If someone could please tell me how to retrieve vectors with filename attached from tags, and why vectors has more objects in it then tovecpoemsdoes, I would be grateful.


Solution

  • You should show what your code is printing, to let answerers know what's not appearing correct from what you see.

    You're supplying Doc2Vec with 10 text examples, but every text example you're providing has 2 tags: tags=[filename, subject]. So the 4 extra tags, that aren't filenames, are probably unique values of subject that repeat.

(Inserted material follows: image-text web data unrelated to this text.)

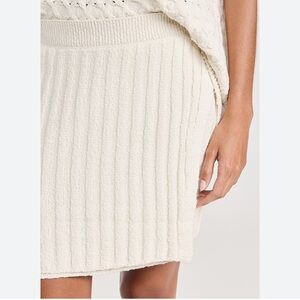 Free People Cream Mini Skirt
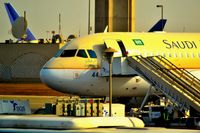 HZ-AS44 @ OEJN - Saudi Airlines A320 , At Jeddah airport - by odai320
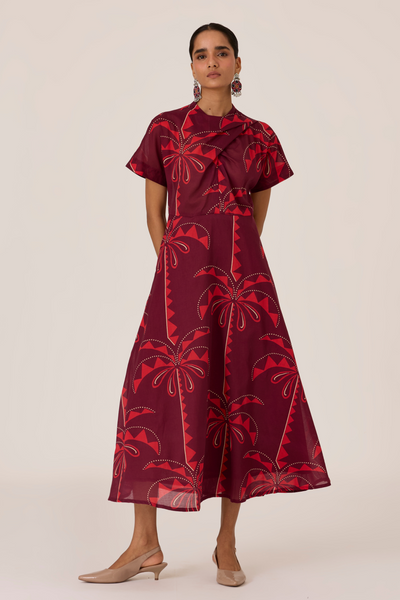 Dalia Palm Print Dress Size XS, M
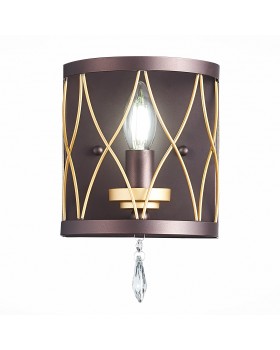 SL789.421.01 Бра ST-Luce Темный кофе, Золото/Темный кофе, Золото, Прозрачный E14 1*60W GRASSО-foto11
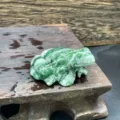 Figurine de grenouille sculptée en pierre naturelle statue d'animal cristal décoration 4cm vert - Jaspe à Points Verts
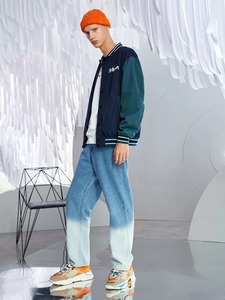 High Quality Custom Men's <b>Vintage</b> <b>Varsity</b> <b>Jacket</b> Wool Body Leather Sleeves Embroidered Logo Letterman <b>Jacket</b> - Product Image 4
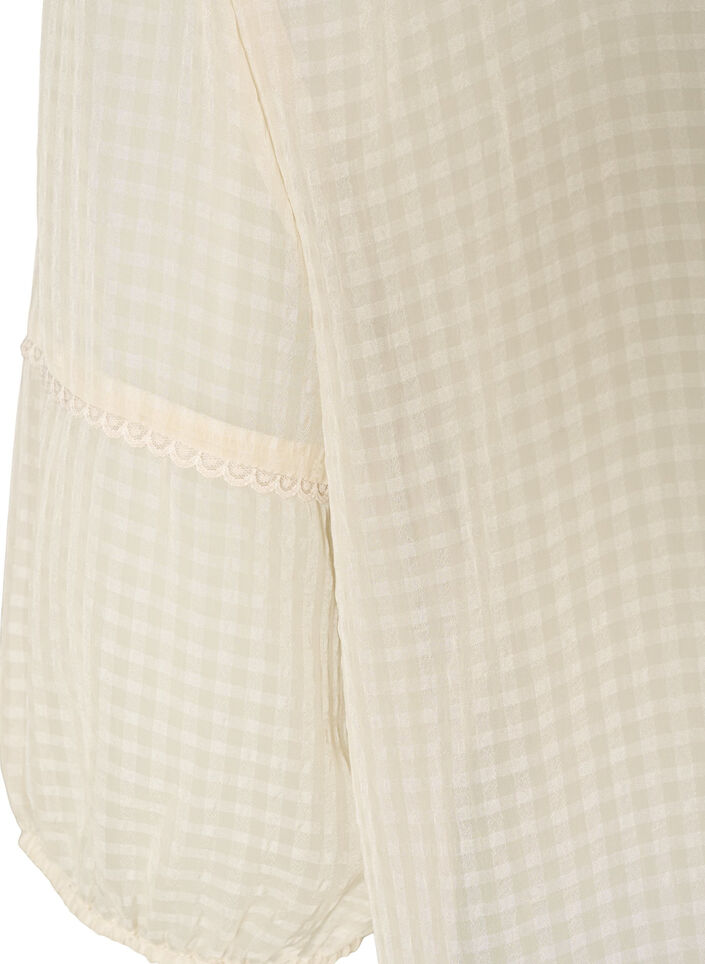 Seersucker-pusero ny&ouml;rill&auml;, Beige, Packshot image number 3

    Separately, it's a bad idea to try to manage alpha/min_alpha yourself, or call train() multiple times in your own loop. Just leave those values as their defaults, use Doc2Vec's iter parameter to specify how many training passes you want.

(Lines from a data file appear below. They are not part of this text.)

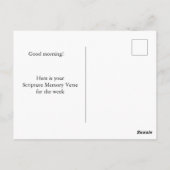 Postale Carte de mémorisation de verset biblique (Dos)
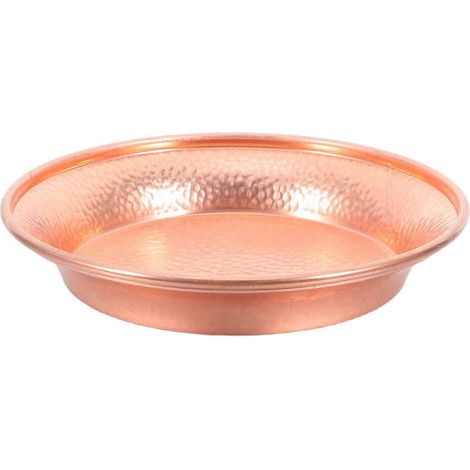 Bol décoratif en cuivre pour chat - Gamelle stable en métal martelé à la main pour nourriture et eau - Bol de 15 cm pour bijoux, idéal pour une entrée ou une fête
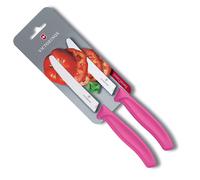 Victorinox -2 Couteaux A Tomates Et De Table Swiss Classic -Rose-6.7836.L115B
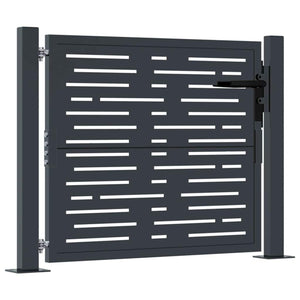 Gartentor Anthrazit 100x100 cm Stahl Quadratisches Design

    And by providing tovecpoems as an argument to Doc2Vec, you've already triggered training - there's no need to call train() at all. (If you'd not supplied the corpus already, it would make sense to call build_vocab() and train() exactly once each, but no more.)

    So for example your code would make more sense as just:

    learner = gensim.models.doc2vec.Doc2Vec(tovecpoems, iter=10)
    vectors = learner.docvecs
    # ...etc
    

    Note that you won't get a good Doc2Vec/Word2Vec results from tiny toy-sized datasets. They generally need many thousands of examples (containing hundred-of-thousands to millions of words) to obtain the sort of vector-qualities people usually want from them. (You can sometimes squeeze a little demo-able value out of a small dataset by (1) shrinking the model vector size radically; and (2) increasing the number of iter training-passes, but that's hit-or-miss.)